Start of RECORD EXCERPTS

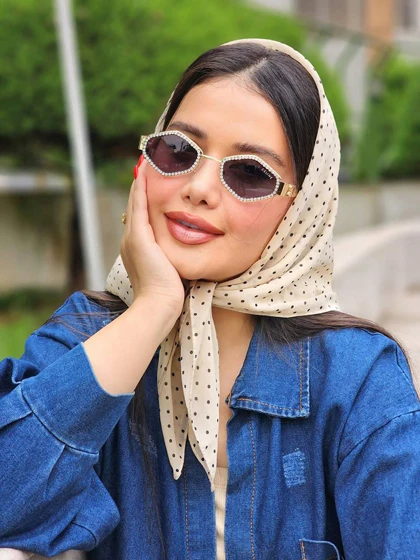 عینک آفتابی زنانه مدل درخشان کد 9884 علیدسا
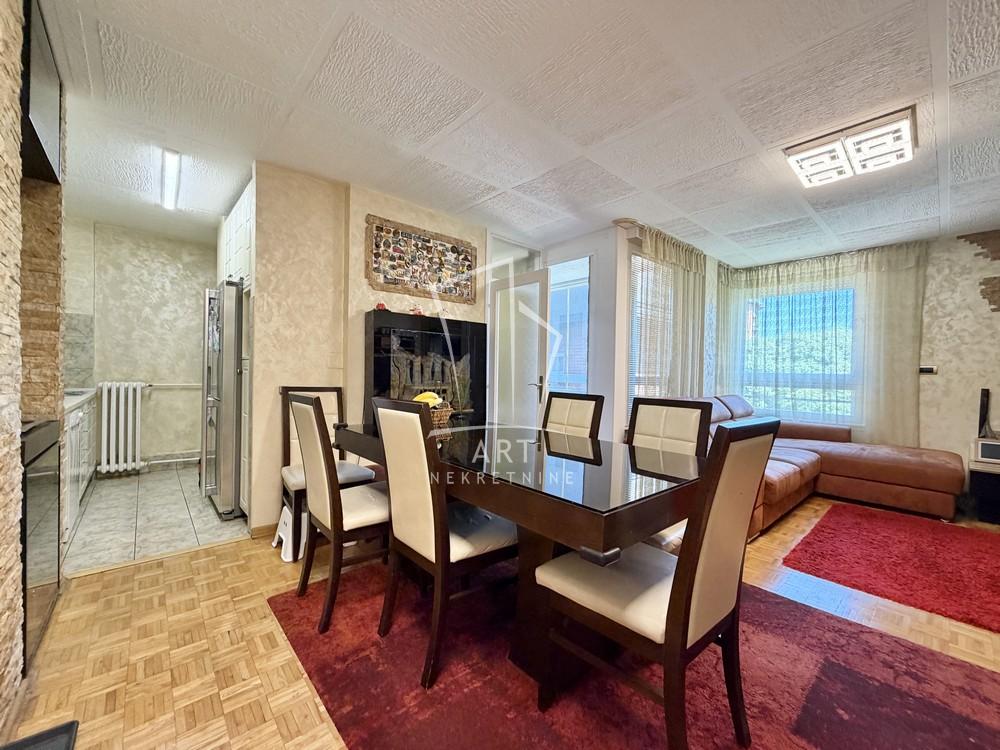 Stan na prodaju u Beogradu, Nova Galenika, troiposoban, 62m2, cena 235000 evra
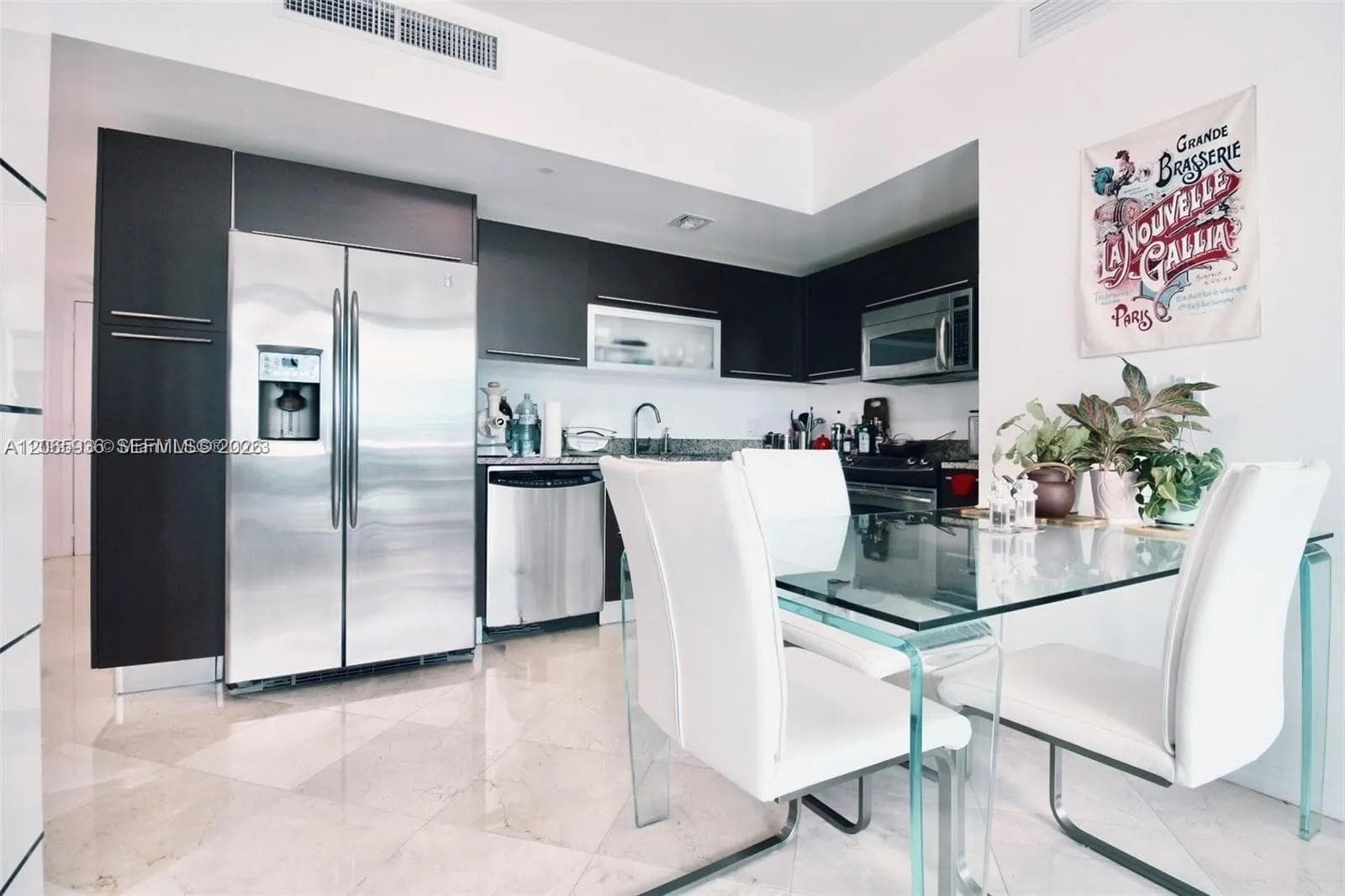 950 Brickell Bay Dr # 1807, Miami FL 33131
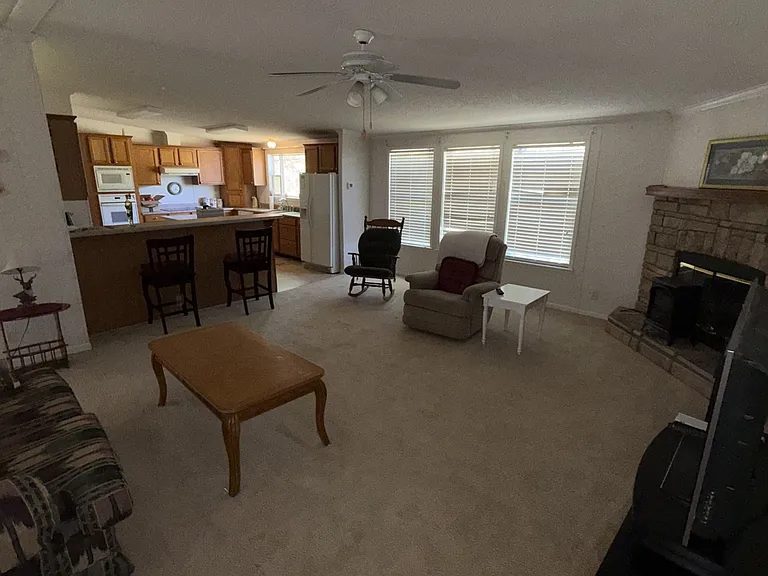 198 County Road 1165 — Photo 19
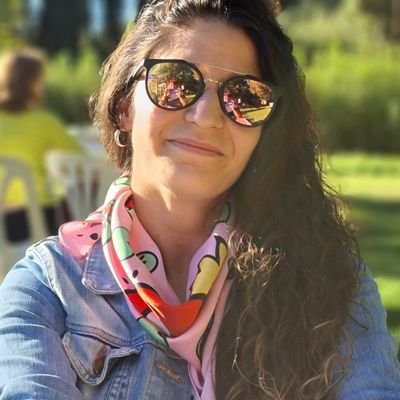 CynAdriel's profile picture. Leonina, soñadora, viajera incansable, río fácil y por sobre todas las cosas amo, amo fuerte.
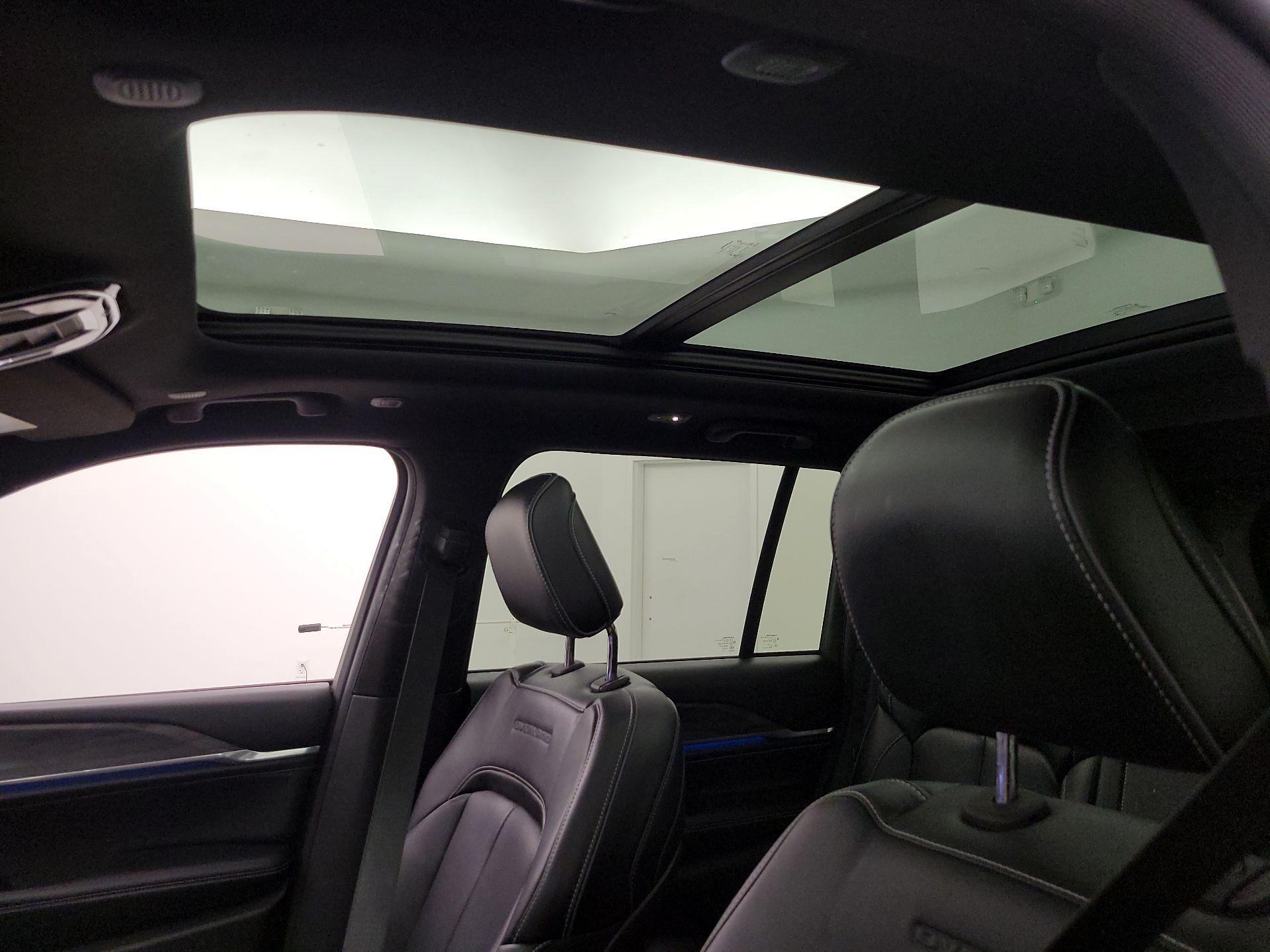 Thumbnail: 2023 Jeep Grand Cherokee - 20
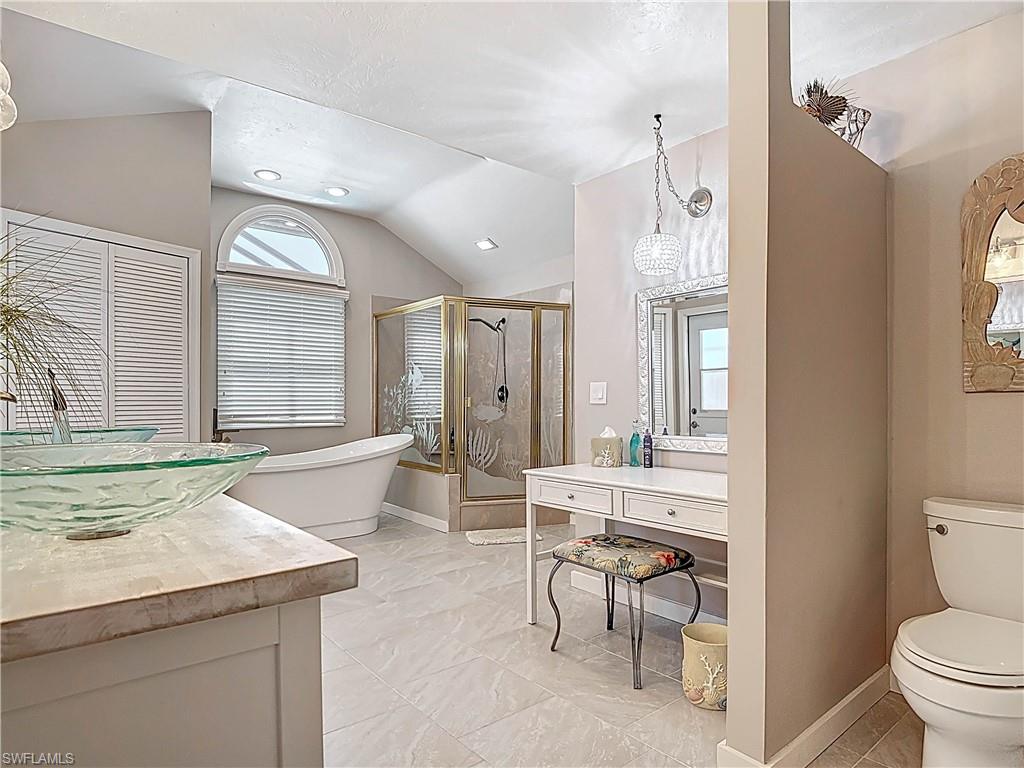 11481 Rebecca Cir Property Photo 21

End of RECORD EXCERPTS

WHAT YOU NEED TO DO — With pictures omitted, restate exactly every line from the one containing "950 Brickell Bay Dr # 1807, Miami FL 33131" through the last line of the material, inclusive.

WRITTEN REPLY —
 950 Brickell Bay Dr # 1807, Miami FL 33131
 198 County Road 1165 — Photo 19
 CynAdriel's profile picture. Leonina, soñadora, viajera incansable, río fácil y por sobre todas las cosas amo, amo fuerte.
 Thumbnail: 2023 Jeep Grand Cherokee - 20
 11481 Rebecca Cir Property Photo 21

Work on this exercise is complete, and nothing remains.